▶ **Try it**
For every line below, output the text exactly and leave out images.

▶ **Exercise materials**
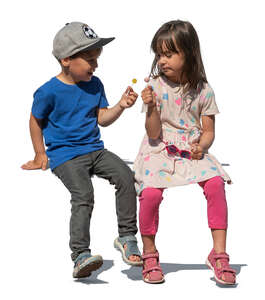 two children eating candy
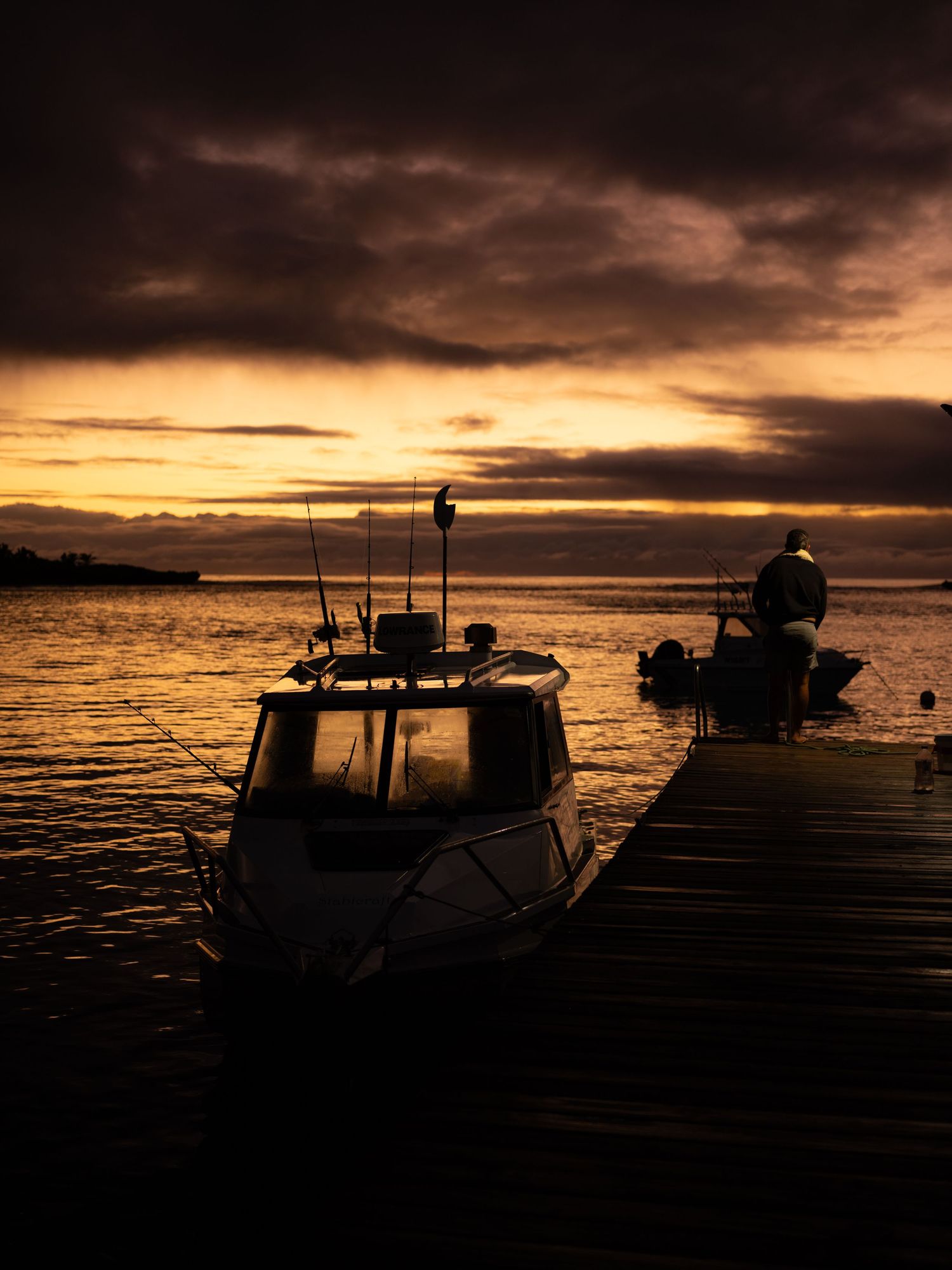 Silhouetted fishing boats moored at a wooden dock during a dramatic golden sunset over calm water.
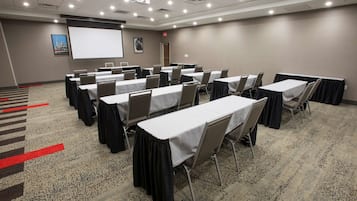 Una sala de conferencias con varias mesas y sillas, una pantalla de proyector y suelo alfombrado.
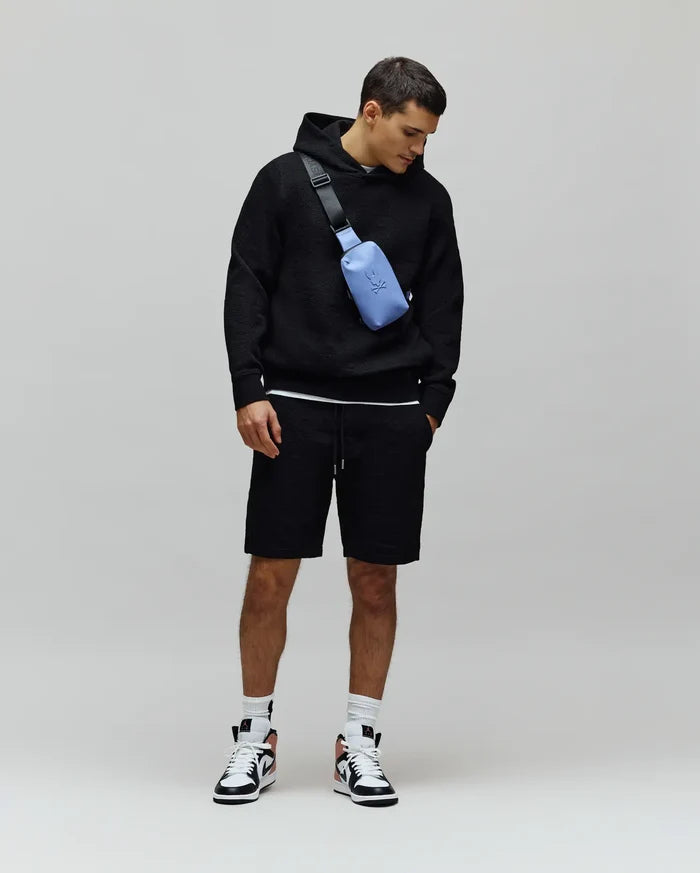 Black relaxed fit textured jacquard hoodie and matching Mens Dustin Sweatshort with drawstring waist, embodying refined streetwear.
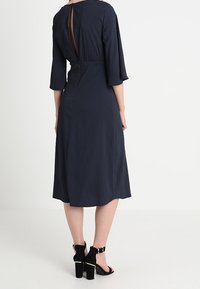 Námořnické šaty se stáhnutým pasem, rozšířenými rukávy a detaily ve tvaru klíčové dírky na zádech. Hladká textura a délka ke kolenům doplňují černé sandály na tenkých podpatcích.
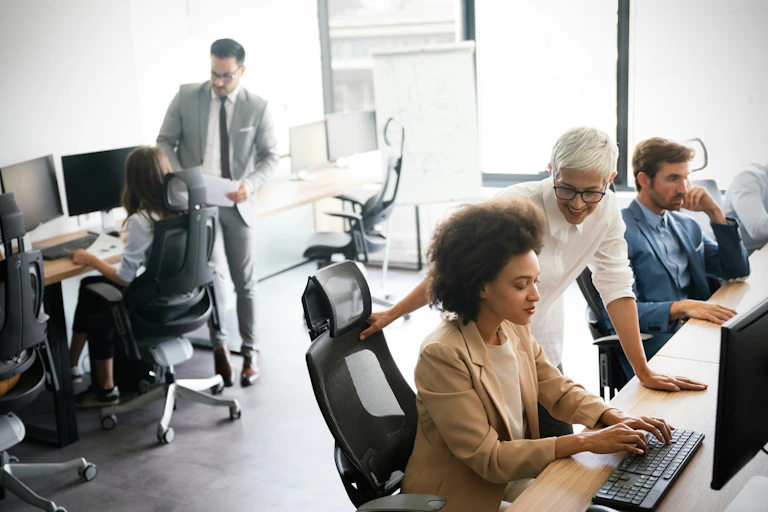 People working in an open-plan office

▶ **Reply**
 two children eating candy
 Silhouetted fishing boats moored at a wooden dock during a dramatic golden sunset over calm water.
 Una sala de conferencias con varias mesas y sillas, una pantalla de proyector y suelo alfombrado.
 Black relaxed fit textured jacquard hoodie and matching Mens Dustin Sweatshort with drawstring waist, embodying refined streetwear.
 Námořnické šaty se stáhnutým pasem, rozšířenými rukávy a detaily ve tvaru klíčové dírky na zádech. Hladká textura a délka ke kolenům doplňují černé sandály na tenkých podpatcích.
 People working in an open-plan office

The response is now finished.